Task to complete: From the first line of the data through the line containing "peaceful asian woman", transcribe each line exactly. Pictures do not belong in the copy.

(Stored data)
_ _ _ _

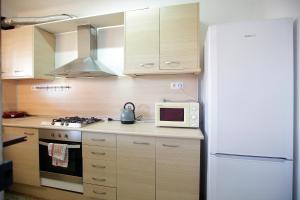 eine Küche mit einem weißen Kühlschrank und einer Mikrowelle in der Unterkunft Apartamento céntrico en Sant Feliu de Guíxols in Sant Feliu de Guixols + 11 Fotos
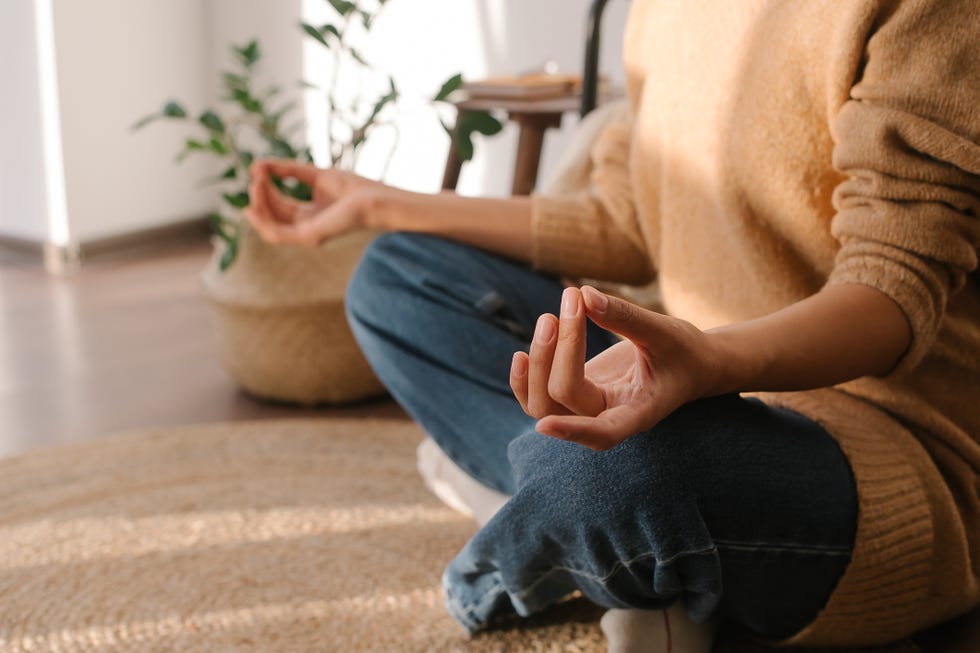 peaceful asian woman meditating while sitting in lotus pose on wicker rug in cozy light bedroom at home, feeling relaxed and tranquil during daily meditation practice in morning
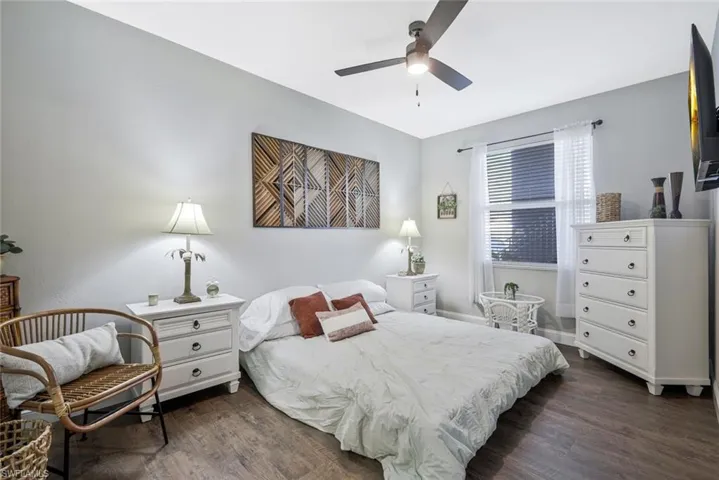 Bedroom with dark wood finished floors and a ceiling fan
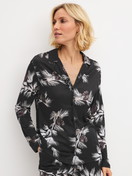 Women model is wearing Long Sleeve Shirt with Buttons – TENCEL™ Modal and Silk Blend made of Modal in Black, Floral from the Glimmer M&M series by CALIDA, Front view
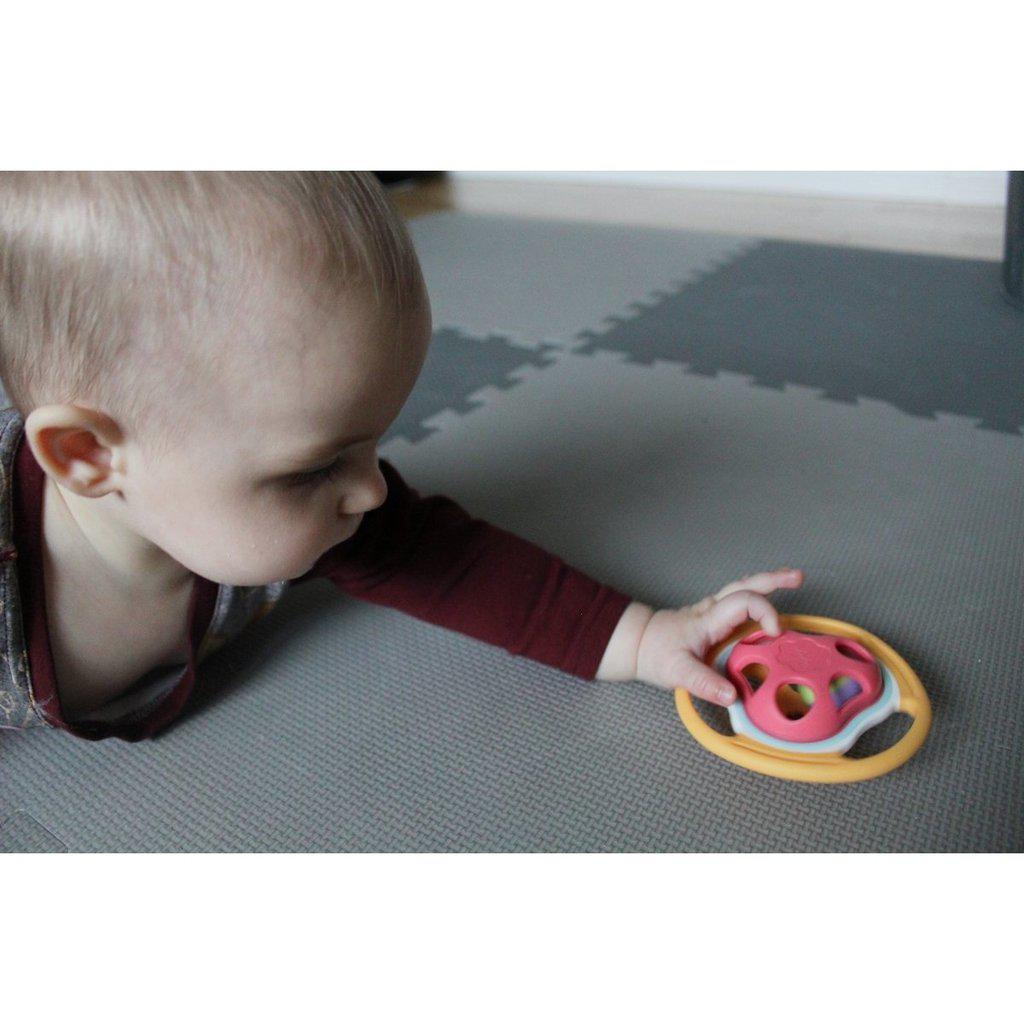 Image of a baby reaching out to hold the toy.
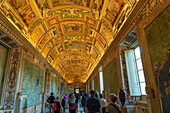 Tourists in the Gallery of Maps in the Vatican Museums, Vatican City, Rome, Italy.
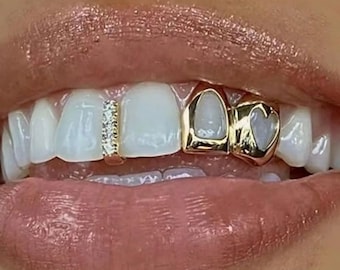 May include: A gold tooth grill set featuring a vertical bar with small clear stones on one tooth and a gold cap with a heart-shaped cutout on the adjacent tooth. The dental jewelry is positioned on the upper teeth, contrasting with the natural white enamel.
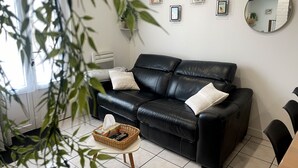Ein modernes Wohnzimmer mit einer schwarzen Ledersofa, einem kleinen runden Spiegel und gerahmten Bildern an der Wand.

_ _ _ _

Solution below:
 eine Küche mit einem weißen Kühlschrank und einer Mikrowelle in der Unterkunft Apartamento céntrico en Sant Feliu de Guíxols in Sant Feliu de Guixols + 11 Fotos
 peaceful asian woman meditating while sitting in lotus pose on wicker rug in cozy light bedroom at home, feeling relaxed and tranquil during daily meditation practice in morning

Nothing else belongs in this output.